Reading Time: 5 Minutes

Why does one person help another? Knowing that people are basically selfish, seeking the means to get ahead in a world that seems bent on knocking everyone down, why bother? It’s difficult enough just to ‘make ends meet’, so why would anyone spend precious time trying to reach out to someone else? It’s a futile effort. Why can’t everyone just help themselves?

Ask a Therapist.

Counseling is a helping profession. It is filled with people who have dedicated their lives to low pay and long hours. A counselor’s life is filled with listening to depressing story after depressing story, all while maintaining objectivity so they can provide needed guidance for each specific situation. It’s a hard job and can be filled with burnout, but there are those who not only accept the task but they joy in it. Why is that?

The Benefits of Being a Helper

People choose counseling as a profession, volunteer at pet rescue shelters and hospitals, stop when they see someone whose car has broken down on the side of the road because it provides them with a warm feeling. But it’s more than that. We are social beings who need contact, but who too often focus on our own issues to the exclusion of others.

This is one of the Problems Addicts Have.

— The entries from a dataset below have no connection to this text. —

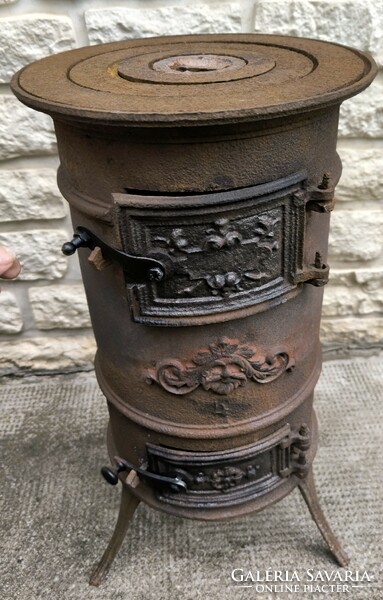 Antique rare small-sized iron stove, so-called Jancsi stove, with figural decoration. 4-Es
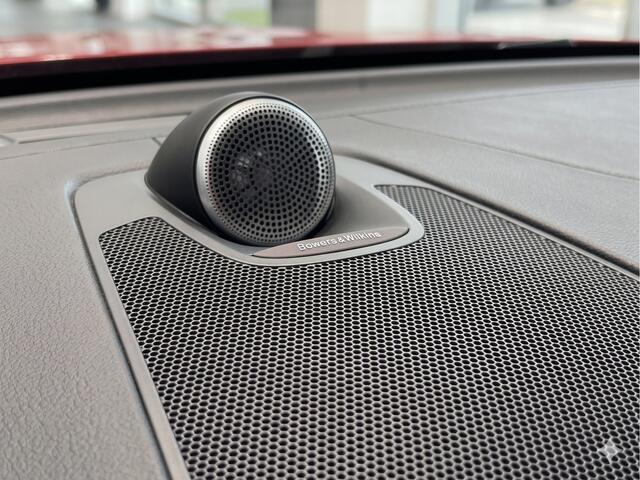 Volvo XC60 2.0 T8 Twin Engine AWD Inscription | Luchtvering | Bowers & Wilkins Audio | Stoelventilatie | Stoelverwarming | Stuurwiel Verwarmd | Head-Up Display
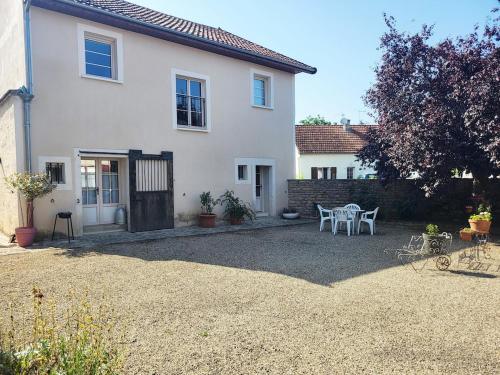 L'Etalon, maison dans corps de ferme in Chailly-sur-Armancon (Bourgogne)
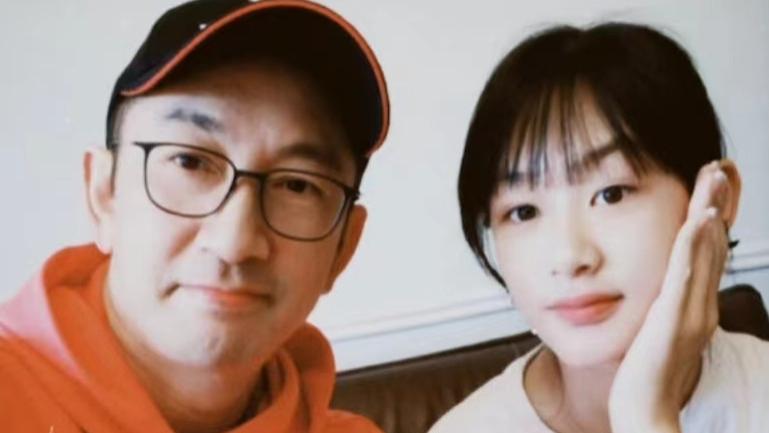 吴启华|贵气！知名港星13岁女儿读国际学校学费超21万，条件优越引羡慕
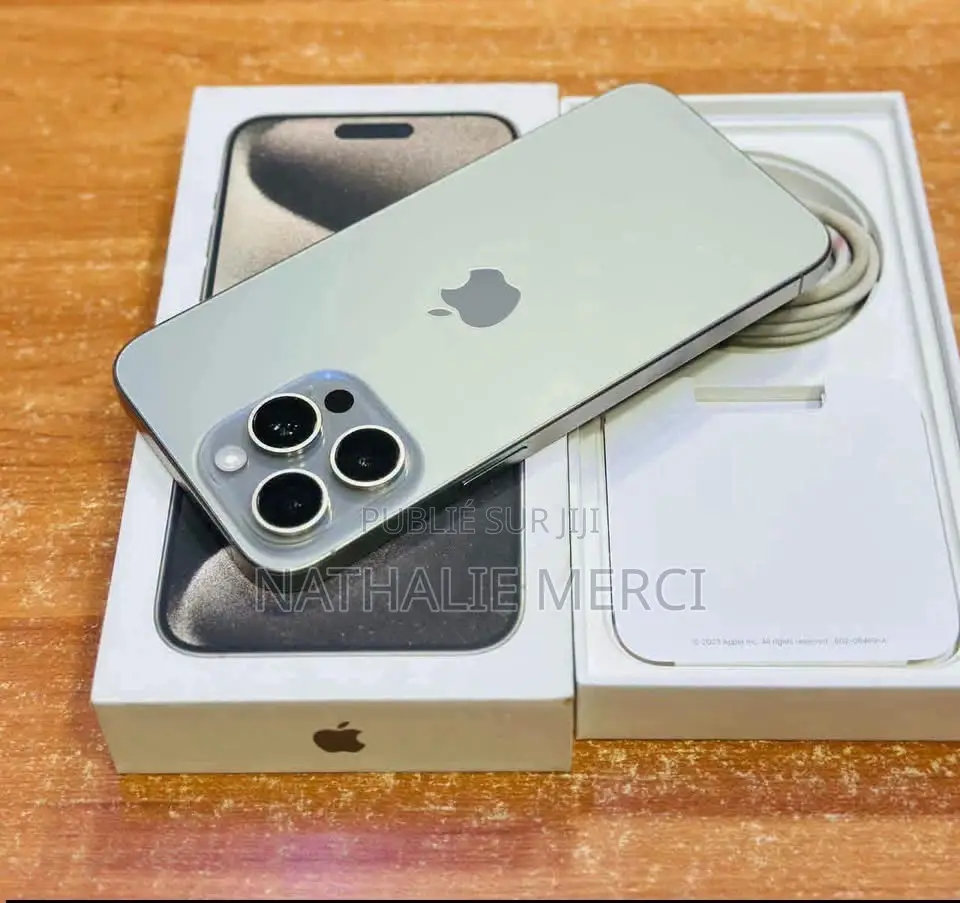 Nouveau Apple iPhone 15 Pro Max 256 GB Blanc
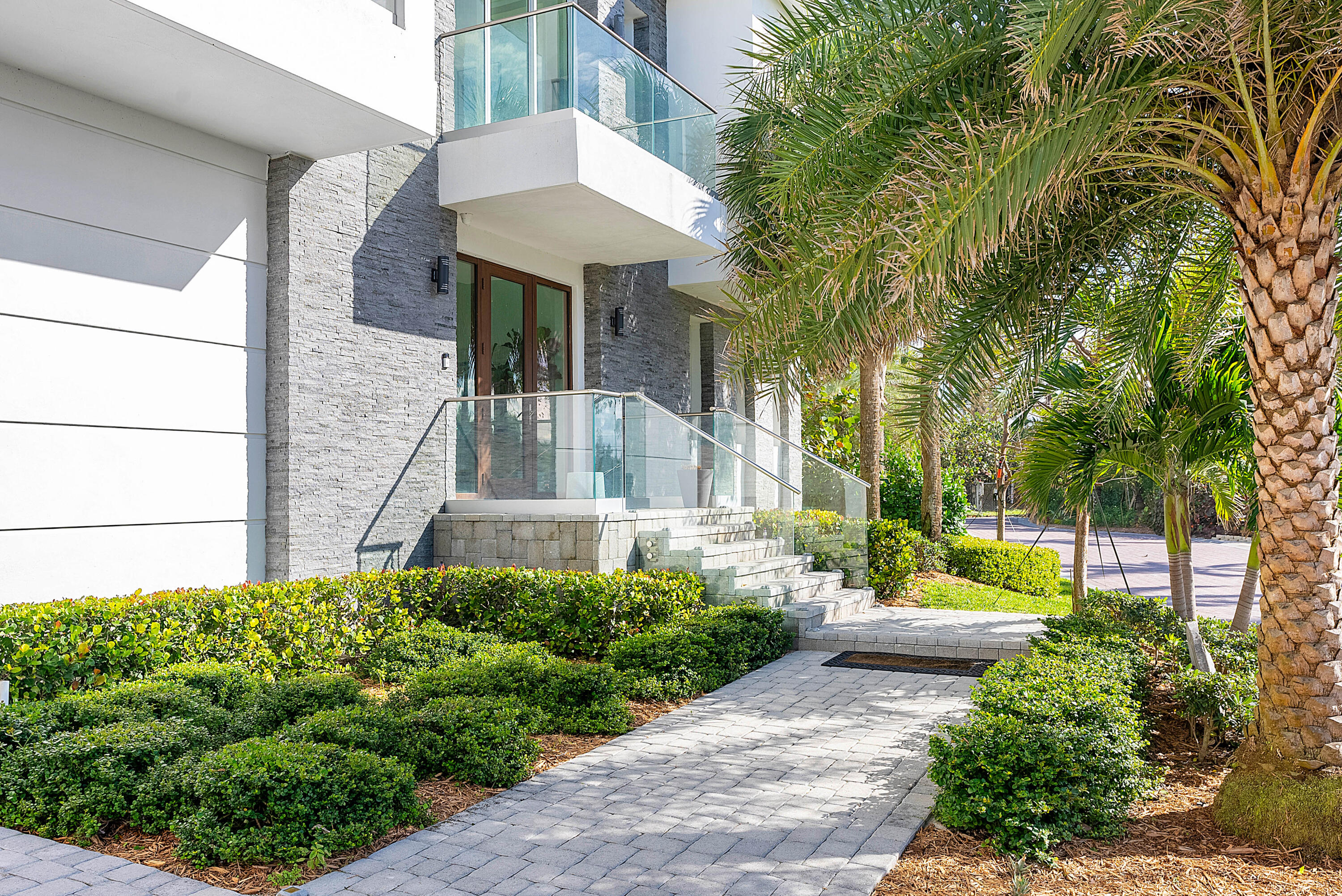 4422 N Highway A1a — photo 6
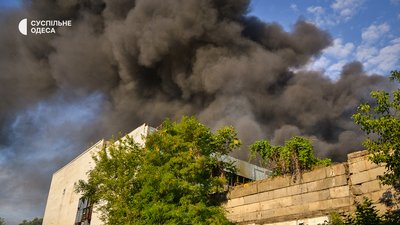 В Одесі російська ракета влучила в цивільний об'єкт В Одесі російська ракета влучила в цивільний об'єкт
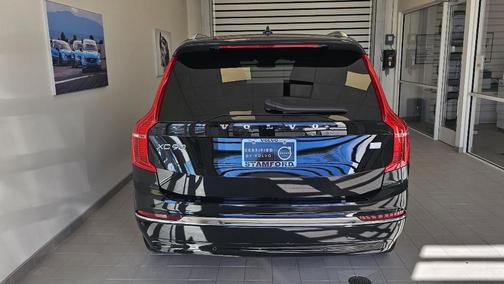 2024 Volvo XC90 Recharge Plug-In Hybrid T8 Plus Bright Theme 7-Seater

So why do some people always seem to be helping others, getting involved in their communities and putting their own cares on the back burner? Because helping reduces stress, promotes community, makes people think better about themselves…basically, helping provides people with a positive outlook that an inward focus just cannot achieve. That’s what helping, or it could be called community service, is. It is an outward focus designed to make everyone’s environment better.

How Does Addiction Play into This?


Addicts can be very self-serving and self-centered. Because of their addiction, they forget everything (and everyone) else and their energy is spent on the substance or act. During this time the addict ruins relationships, becoming isolated, his or her only friend the addiction. To recover fully, the addict must rediscover other people and other actions. The substance abuser needs to get outside of self and see that there is value, and healing, in the world around them.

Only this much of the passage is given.